I’m going to try this idea: Plot crowd forecast over chronological time of one question with crowd forecast over chronological time of another question. If the levels correlate, I’ll use that as my correlation.
That tells me how resolved questions relate to each other, and gives a model (to test) of how accuracy in one resolved question factors into accuracy in another resolved question. The result is a correlation matrix R.
But then, given a brand new question with no forecasting history, how do I relate it to prior questions?
To do this relation I need to bring back a notion of categories. I need synthetic categories based somehow on the correlations. A category like “Politics” doesn’t tell me much, for example knowing the Hillary Clinton race doesn’t tell me much about the Spanish election.
OK so I’m foundering here a little bit. Music can be classified and clustered in terms of low-level measures so that you can automatically tell a piano sound from a violin or a drum. What do our questions “sound like”?

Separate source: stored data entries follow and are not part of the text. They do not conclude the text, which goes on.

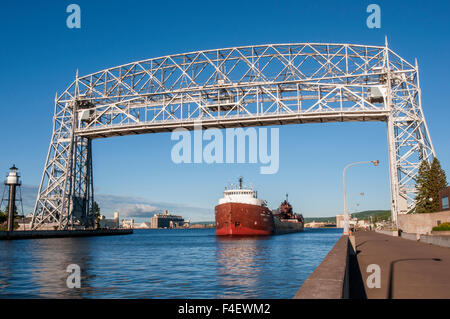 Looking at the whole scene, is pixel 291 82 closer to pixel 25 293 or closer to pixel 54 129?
pixel 54 129

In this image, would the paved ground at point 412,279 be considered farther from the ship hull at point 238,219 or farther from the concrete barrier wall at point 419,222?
the ship hull at point 238,219

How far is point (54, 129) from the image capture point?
54156 millimetres

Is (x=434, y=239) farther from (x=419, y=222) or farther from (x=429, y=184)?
(x=429, y=184)

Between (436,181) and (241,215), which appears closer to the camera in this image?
(436,181)

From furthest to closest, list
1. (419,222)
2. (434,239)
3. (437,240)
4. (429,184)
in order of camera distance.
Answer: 1. (429,184)
2. (419,222)
3. (434,239)
4. (437,240)

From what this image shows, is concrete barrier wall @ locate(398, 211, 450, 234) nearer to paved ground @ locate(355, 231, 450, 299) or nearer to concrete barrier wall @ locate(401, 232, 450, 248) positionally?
concrete barrier wall @ locate(401, 232, 450, 248)

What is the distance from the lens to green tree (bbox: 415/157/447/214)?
143 feet

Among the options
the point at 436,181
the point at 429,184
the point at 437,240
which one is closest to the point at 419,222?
the point at 429,184

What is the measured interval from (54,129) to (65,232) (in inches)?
528

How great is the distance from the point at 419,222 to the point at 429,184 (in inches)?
343

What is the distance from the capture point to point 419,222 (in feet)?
129

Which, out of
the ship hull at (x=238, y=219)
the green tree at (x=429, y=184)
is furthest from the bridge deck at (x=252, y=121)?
the ship hull at (x=238, y=219)

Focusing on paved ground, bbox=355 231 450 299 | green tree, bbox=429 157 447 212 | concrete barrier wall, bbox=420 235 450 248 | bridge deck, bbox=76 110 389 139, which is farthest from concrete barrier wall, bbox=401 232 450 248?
bridge deck, bbox=76 110 389 139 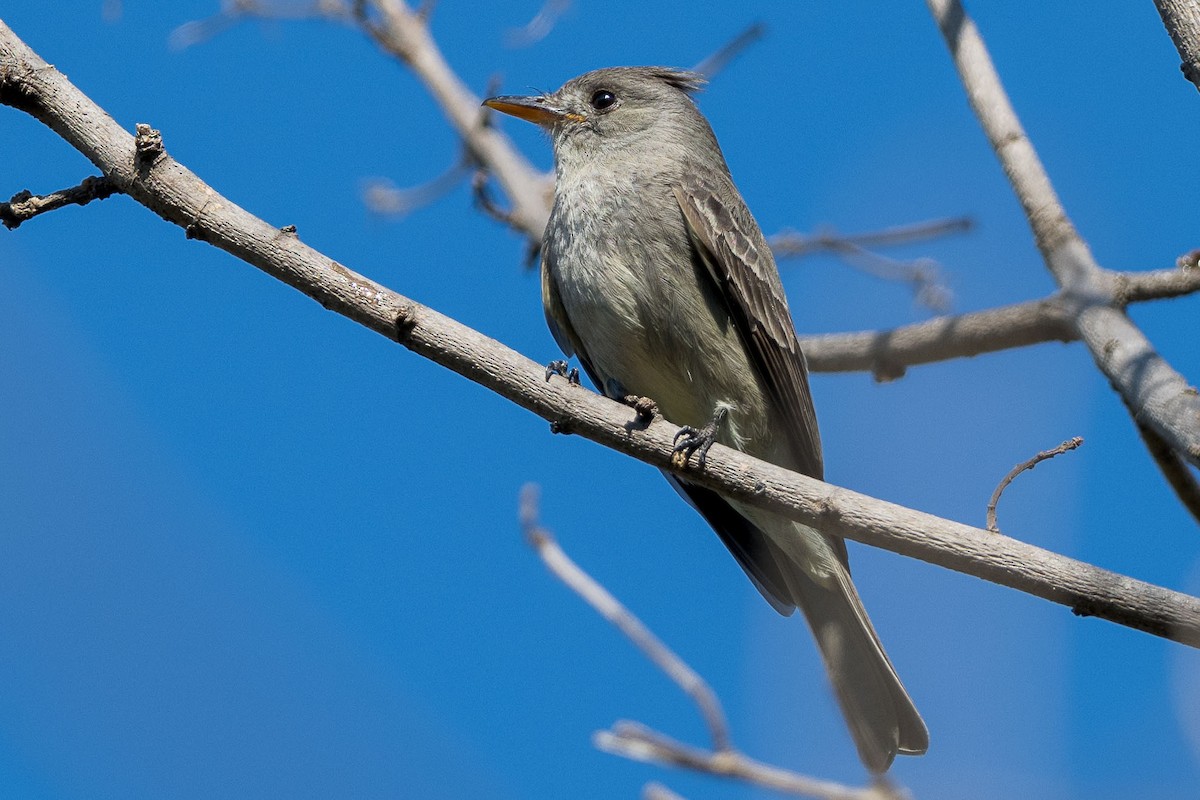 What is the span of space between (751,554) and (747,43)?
2.86m

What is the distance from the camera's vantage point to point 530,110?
7.05m

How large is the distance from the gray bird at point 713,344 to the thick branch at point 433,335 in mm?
1334

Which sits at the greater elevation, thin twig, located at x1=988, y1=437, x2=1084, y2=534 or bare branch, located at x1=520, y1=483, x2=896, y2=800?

To be continued. The problem is: I know how resolved questions are correlated. Maybe I can cluster resolved questions separately in a different way. This clustering should preserve the correlation…OK so cluster based on closeness of correlation. That’s a start, but it’s a single dimension. I need some other dimensions which describe the kind of question and then tell me how a new question with a similar description will correlated with resolved questions. That’s the to-do list.